SLEIGH

A Language for Rapid Processor Specification

Last updated October 31, 2023

Originally published December 16, 2005


Table of Contents

1. Introduction to P-Code
1.1. Address Spaces
1.2. Varnodes
1.3. Operations
2. Basic Specification Layout
2.1. Comments
2.2. Identifiers
2.3. Strings
2.4. Integers
2.5. White Space
3. Preprocessing
3.1. Including Files
3.2. Preprocessor Macros
3.3. Conditional Compilation
4. Basic Definitions
4.1. Endianness Definition
4.2. Alignment Definition
4.3. Space Definitions
4.4. Naming Registers
4.5. Bit Range Registers
4.6. User-Defined Operations
5. Introduction to Symbols
5.1. Notes on Namespaces
5.2. Predefined Symbols
6. Tokens and Fields
6.1. Defining Tokens and Fields
6.2. Fields as Family Symbols
6.3. Attaching Alternate Meanings to Fields
6.4. Context Variables
7. Constructors
7.1. The Five Sections of a Constructor
7.2. The Table Header
7.3. The Display Section
7.4. The Bit Pattern Section
7.5. Disassembly Actions Section
7.6. The With Block
7.7. The Semantic Section
7.8. Tables
7.9. P-code Macros
7.10. Build Directives
7.11. Delay Slot Directives
8. Using Context
8.1. Basic Use of Context Variables
8.2. Local Context Change
8.3. Global Context Change
9. P-code Tables

History

This document describes the syntax for the SLEIGH processor specification language, which was developed for the GHIDRA project. The language that is now called SLEIGH has undergone several redesign iterations, but it can still trace its heritage from the language SLED, from whom its name is derived. SLED, the “Specification Language for Encoding and Decoding”, was defined by Norman Ramsey and Mary F. Fernández in [3] as a concise way to define the translation, in both directions, between machine instructions and their corresponding assembly statements. This facilitated the development of architecture independent disassemblers and assemblers, such as the New Jersey Machine-code Toolkit.
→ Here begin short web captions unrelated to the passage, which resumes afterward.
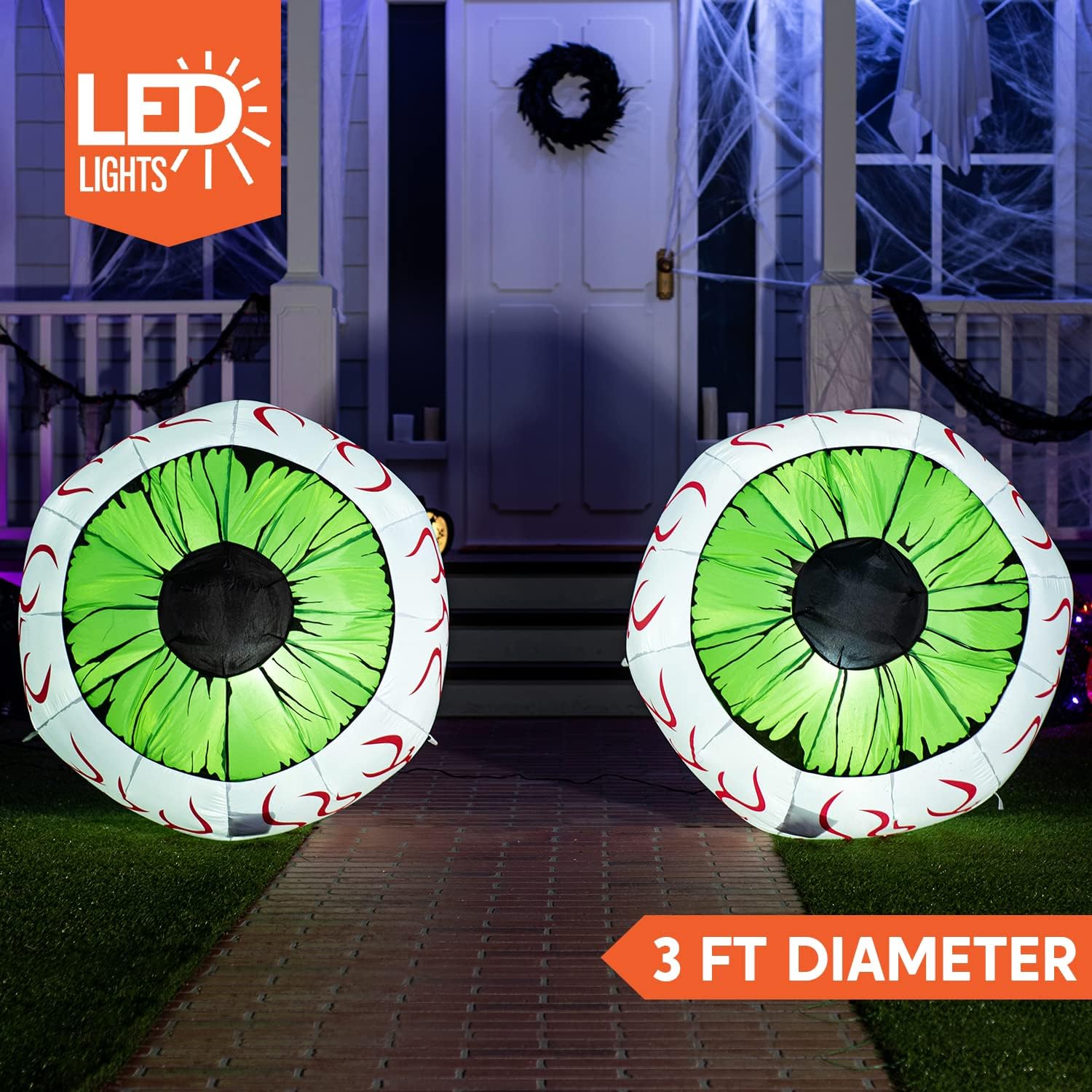 Two illuminated green eyes beside a styled entrance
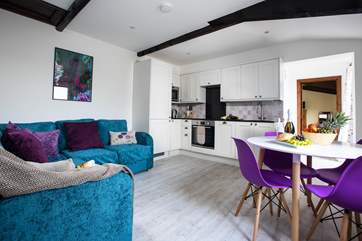 The open plan living-room is a bright and comfortable space.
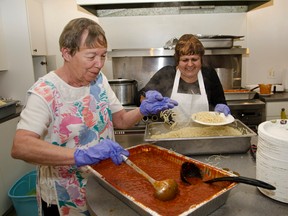 Volunteers Lorraine Genier and Valerie Vachon serve up spaghetti during the fundraiser spaghetti dinner that was held for Richard Solomon and his family on Saturday Nov. 22 at the Knight's of Columbus Hall. Close to 400 people were served and proceeds of the dinner went to help the Solomon family with the expenses they have incurred during Richard's cancer treatments after being diagnosed with testicular cancer this past August.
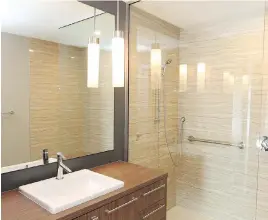  ??  ?? The life lease suites at Hyde Park View include luxuriousl­y appointed bathrooms with barrier-free walk-in custom tiled showers and 35-inch doorways.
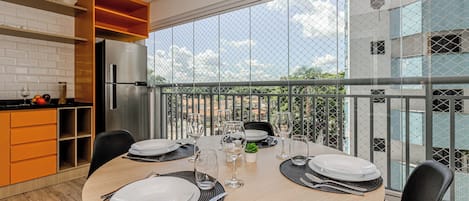 Un comedor con una mesa redonda dispuesta para cuatro personas, un refrigerador y vistas a un edificio a través de una barandilla de cristal.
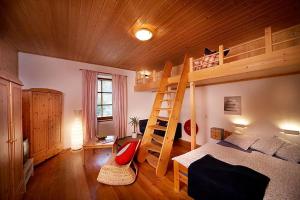 Posteľ alebo postele v izbe v ubytovaní Gabis Lodge
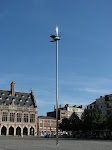 Sculpture of fly speared on a needle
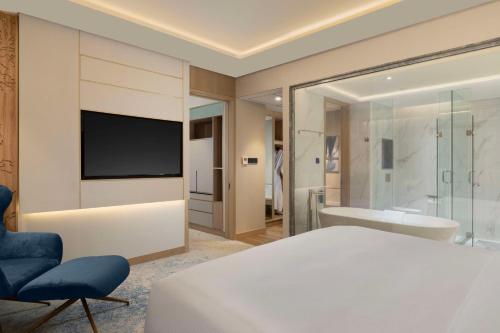 1 dormitorio con 1 cama, TV y bañera en Doubletree By Hilton Jakarta Bintaro Jaya en Serpong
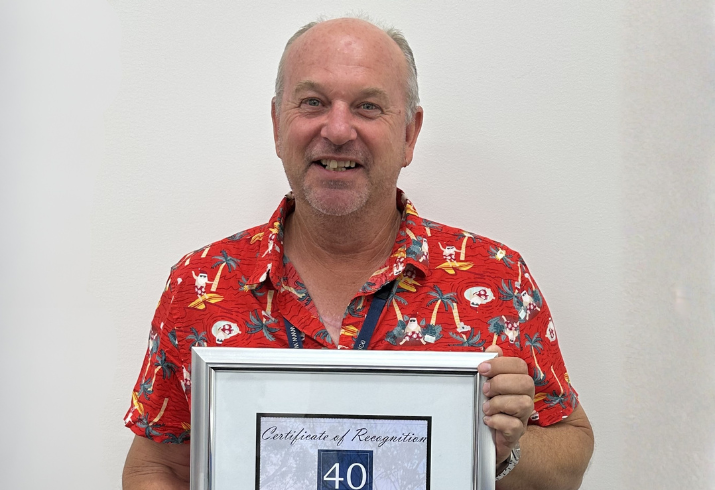 Man in red shirt holding up a framed certificate of achievement.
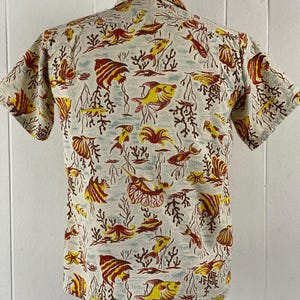 May include: A short-sleeved button-up shirt with a white background and a colorful pattern of red, yellow, and blue fish and coral.
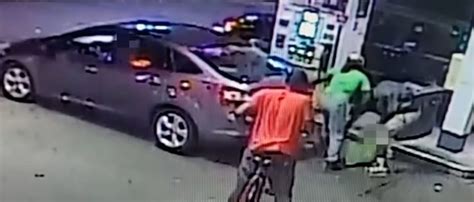 Police Release Video Of Four People Wrestling Victim To Ground At Gas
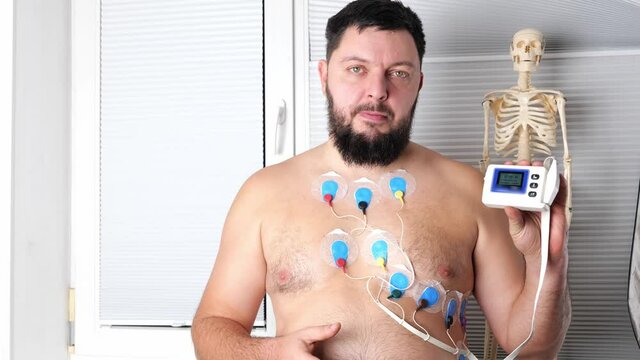 A man wearing portable holter monitor device connected to chest, setting programming. Recording cardiogram for 24 hours. Heart activity, diagnosis, prevention, monitoring and method of heart problems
The direct predecessor of SLEIGH was an implementation of SLED for GHIDRA, which concentrated on its reverse-engineering capabilities. The main addition of SLEIGH is the ability to provide semantic descriptions of instructions for data-flow and decompilation analysis. This piece of SLEIGH borrowed ideas from the Semantic Syntax Language (SSL), a specification language developed in [2] for the University of Queensland Binary Translator (UQBT) project by Cristina Cifuentes, Mike Van Emmerik and Norman Ramsey.

Dr. Cristina Cifuentes' work, in general, was an important starting point for the GHIDRA decompiler. Its design follows the basic structure layed out in her 1994 thesis "Reverse Compilation Techniques":

  • Disassembly of machine instructions and translation to an intermediate representation (IR).
  • Transformation toward a high-level representation via
    • Data-flow analysis, including dead code analysis and copy propagation.
    • Control-flow analysis, using graph reducibility to achieve a structured representation.
  • Back-end code generation from the transformed representation.
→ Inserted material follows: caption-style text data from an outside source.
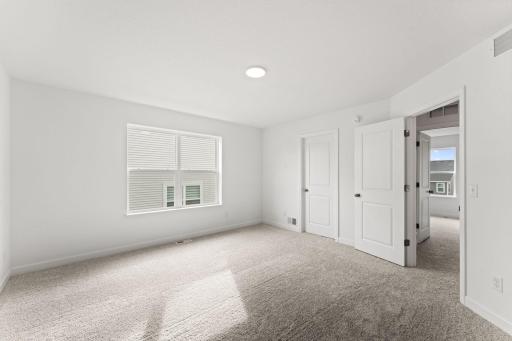 The bedroom has direct access to the private bathroom and closet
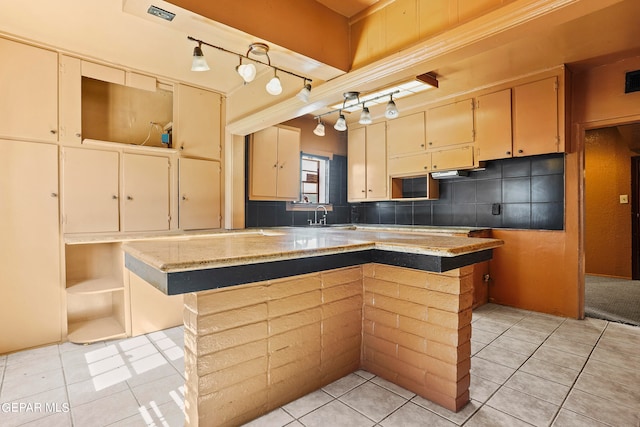 kitchen with a center island, a breakfast bar area, sink, and light tile patterned floors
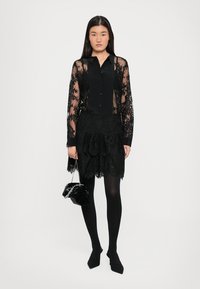 Svart gjennomsiktig bluse med lange ermer, kombinert med et lagdelt svart blondeskjørt. Modellen har på seg svarte strømpebukser og holder en liten svart håndveske.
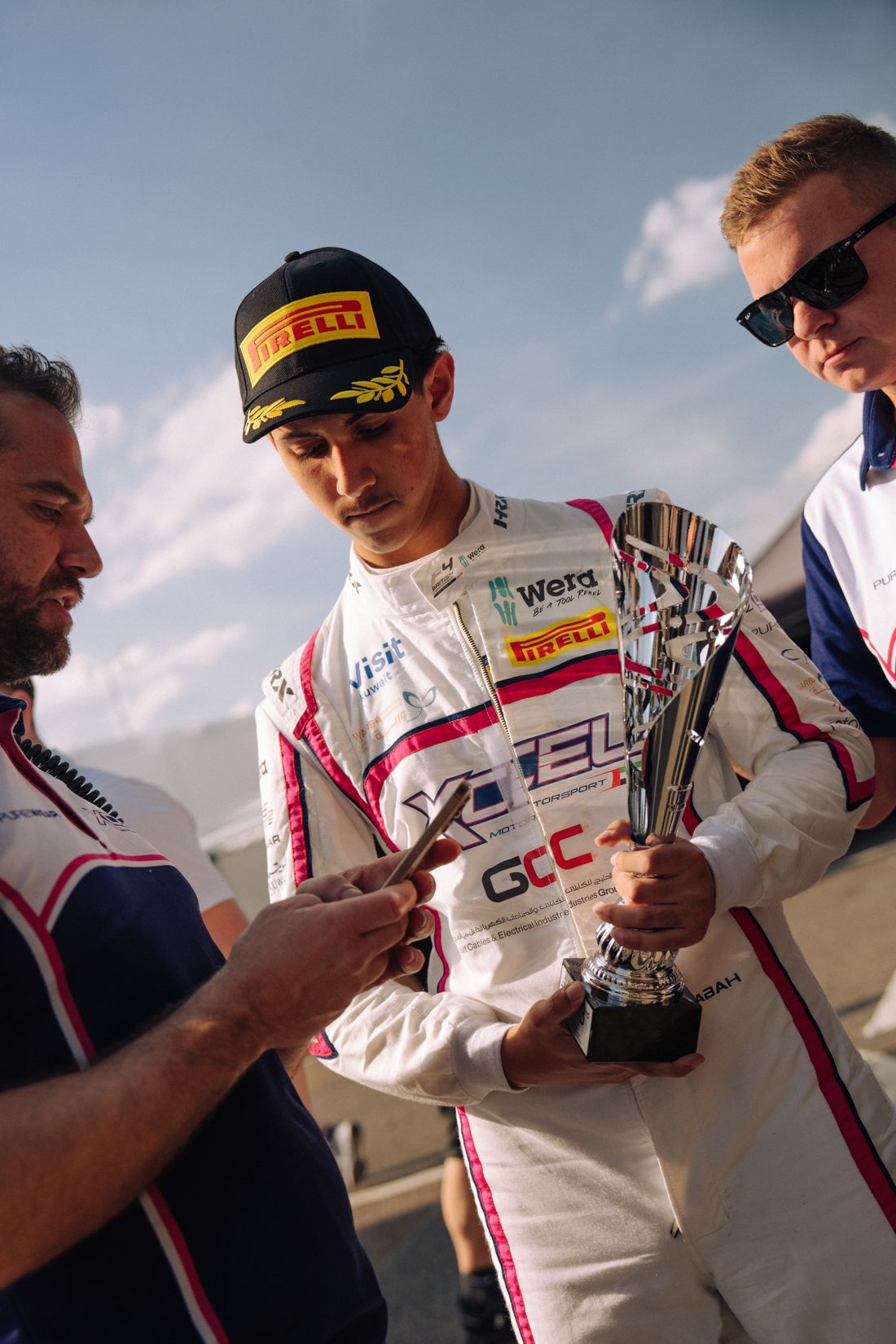 Race winner checks his phone holding the trophy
In keeping with her philosophy of decompilation, SLEIGH is GHIDRA's implementation of the first step. It efficiently couples disassembly of machine instructions with the initial translation into an IR.

References

[1] Cristina Cifuentes. Reverse Compilation Techniques. 1994. Ph.D. Dissertation. Queensland University of Technology. Brisbane City, QLD, Australia.

[2] Cristina Cifuentes and Mike Van Emmerik. “UQBT: Adaptable Binary Translation at Low Cost”. Computer. (Mar. 2000). pp. 60-66.
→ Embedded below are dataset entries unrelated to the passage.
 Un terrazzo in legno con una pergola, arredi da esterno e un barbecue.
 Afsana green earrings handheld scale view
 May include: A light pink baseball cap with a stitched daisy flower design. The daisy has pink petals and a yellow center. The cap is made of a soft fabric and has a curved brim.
[3] Norman Ramsey and Mary F. Fernández. “Specifying Representations of Machine Instructions”. ACM Trans. Programming Languages and Systems. (May 1997). pp. 492-524.

Overview

SLEIGH is a language for describing the instruction sets of general purpose microprocessors, in order to facilitate the reverse engineering of software written for them. SLEIGH was designed for the GHIDRA reverse engineering platform and is used to describe microprocessors with enough detail to facilitate two major components of GHIDRA, the disassembly and decompilation engines. For disassembly, SLEIGH allows a concise description of the translation from the bit encoding of machine instructions to human-readable assembly language statements. Moreover, it does this with enough detail to allow the disassembly engine to break apart the statement into the mnemonic, operands, sub-operands, and associated syntax. For decompilation, SLEIGH describes the translation from machine instructions into p-code. P-code is a Register Transfer Language (RTL), distinct from SLEIGH, designed to specify the semantics of machine instructions. By semantics, we mean the detailed description of how an instruction actually manipulates data, in registers and in RAM. This provides the foundation for the data-flow analysis performed by the decompiler.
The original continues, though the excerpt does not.